Один в звонкой угнетающей тиши, где каждый звук обретает особую силу, а иногда и смысл, способен обрушиться на человека, придавить его, выдержать эту тишину очень тяжело, и так изо дня в день, из вечера в вечер, из ночи в ночь.
Единственная отдушина — домашние животные.
Последнего своего кота, всегда ожидавшего своего хозяина с работы, — когда же он приходил, то кот готов был в зубах нести ему мягкие тапочки, — Шебаршин звал Чучелом Полосатым. Кот был славный, добрый, преданный, но вот какая штука — царапался, зараза. Выпускал когти и сам себя не контролировал — такой был кот.
Шебаршин ругался:
— Хожу, как чучело полосатое, все руки исцарапаны! — прозвище кота родилось именно из этих слов.
Салганик как-то заметила:
— Да чего ты все «чучело да чучело», хороший же кот!
— Это я зову его с любовью. А вообще-то он Чучик.
С тех пор кот стал Чучиком. Очень славное, очень подходящее для кота имя — Чучик.
Он был вообще мастером всяких «шебаршизмов», Леонид Владимирович Шебаршин, с ним было всякому человеку, независимо от того, кто он и что он, очень интересно.
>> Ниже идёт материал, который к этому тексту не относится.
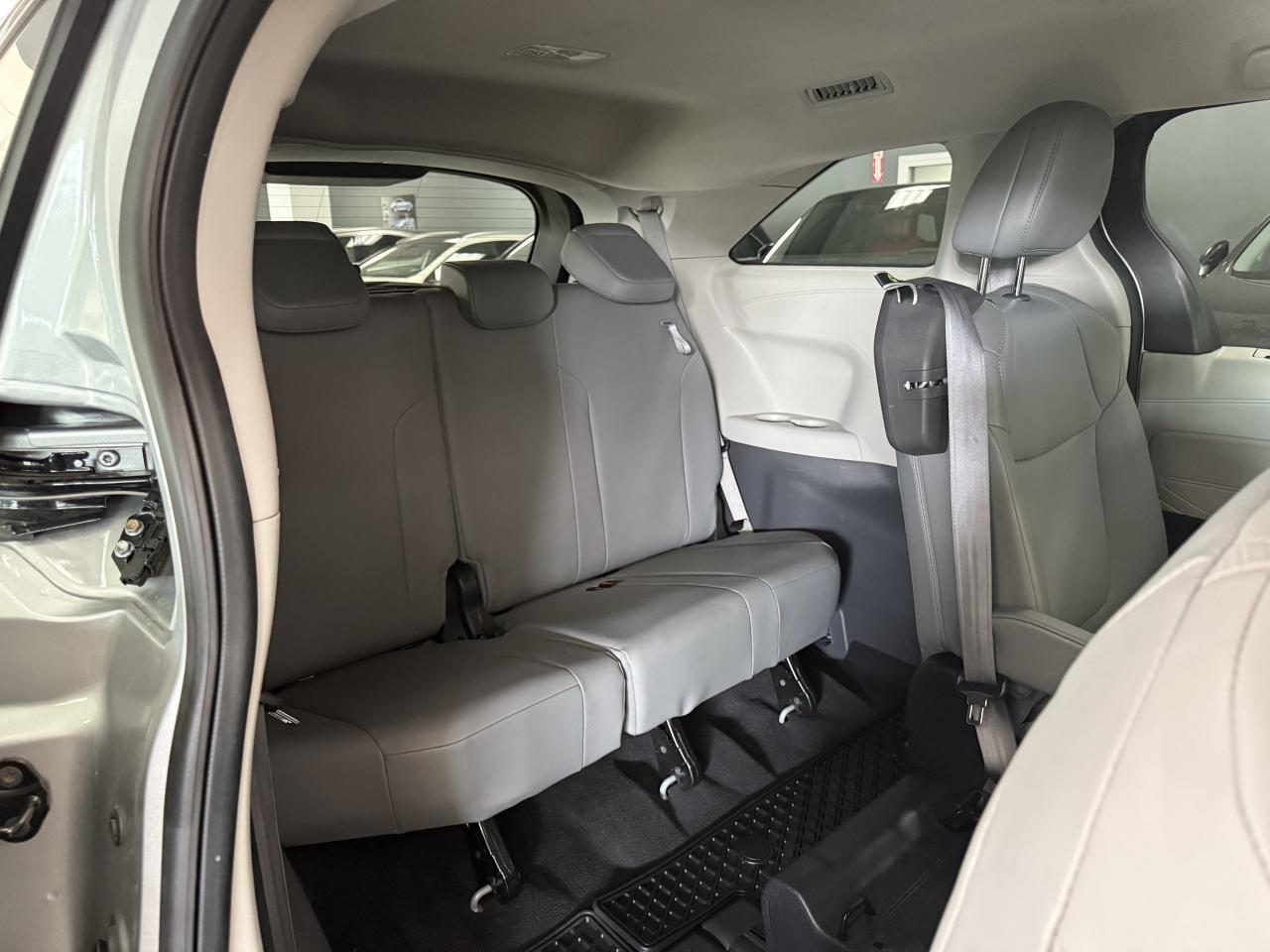 2022 Toyota Sienna XLE 8-Passenger FWD Photo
Даже если человек этот в жизни ничем, кроме сна, еды и хороших сигарет, не интересовался.
Но, пока была жива Нина Васильевна, Шебаршин не мог себе позволить ни вечерних встреч с друзьями, ни походов на какую-нибудь «массовку» востоковедческого братства, ни посещений театра, хотя театр, честно говоря, он не очень любил.
Как-то Салганик, стремясь отвлечь его от тягостных дум, уговорила пойти на хороший концерт в зал имени Чайковского.
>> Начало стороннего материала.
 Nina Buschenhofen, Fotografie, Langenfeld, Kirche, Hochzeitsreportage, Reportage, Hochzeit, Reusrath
Шебаршин с большим удовольствием прослушал первое отделение — у него даже лицо светлым, очищенным сделалось, — а в перерыв посмотрел на часы и произнес виноватым голосом:
— Ты знаешь, Мариам, Нина дома одна, мне надо идти.
И ушел.
Все вечера он проводил с больной женой. А потом Нины Васильевны не стало. Шебаршин оказался совсем один. Хотя и тяжело быть одиноким, Шебаршин все-таки привык к одиночеству, адаптировался.